- Flag
- Yamaranguila Location in Honduras
- Coordinates: 14°17′N 88°15′W﻿ / ﻿14.283°N 88.250°W
- Country: Honduras
- Department: Intibucá

Area
- • Total: 294 km^{2} (114 sq mi)

Population (2015)
- • Total: 21,633
- • Density: 73.6/km^{2} (191/sq mi)
- Postal code: 14000
- Municipality number: 1016
- Website: Official website

= Yamaranguila =

Yamaranguila is a municipality of about 21,000 residents in the Honduran department of Intibucá.
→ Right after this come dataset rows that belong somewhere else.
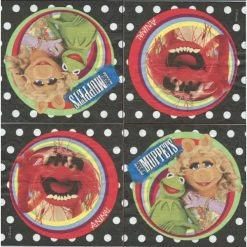 Budget ✨ Serviette Anniversaire 4 Serviettes En Papier The Muppets Format Lunch Decoupage Decopatch 1120902 Decorata Party 😉 -Maquillage Soldes unnamed file 1414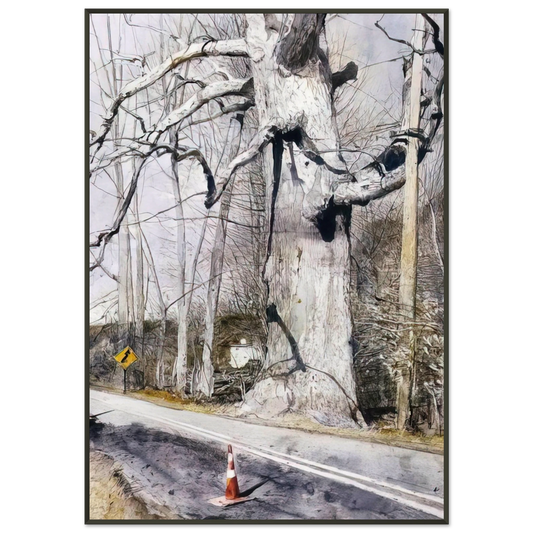 Andrew Wyeth  WALKING STICK Framed Art Print  - Aluminum Frame - 21x29.7 cm / 8x12"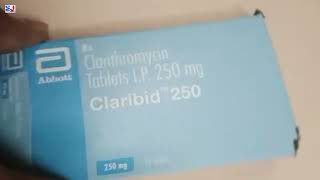 Claribid 250 Tablet  Claribid Tablets  Clarithromycin Tablets  Claribid 250mg Tablet Uses Dosage [upl. by Atteuqcaj]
Yamaranguila is known as the coldest municipality in the country. Due to the climate, it is one of the few places where strawberries can be cultivated. Largely populated by the Lenca indigenous population, Yamaranguila is host to the traditional Guancascos parade during its feria in early December. Most residents have both electricity and running water in the central part of town, while the 24 surrounding villages are found in various stages of development.

==Demographics==
At the time of the 2013 Honduras census, Yamaranguila municipality had a population of 21,025. Of these, 89.86% were Indigenous (89.55% Lenca), 9.45% Mestizo, 0.35% White, 0.32% Black or Afro-Honduran and 0.03% others.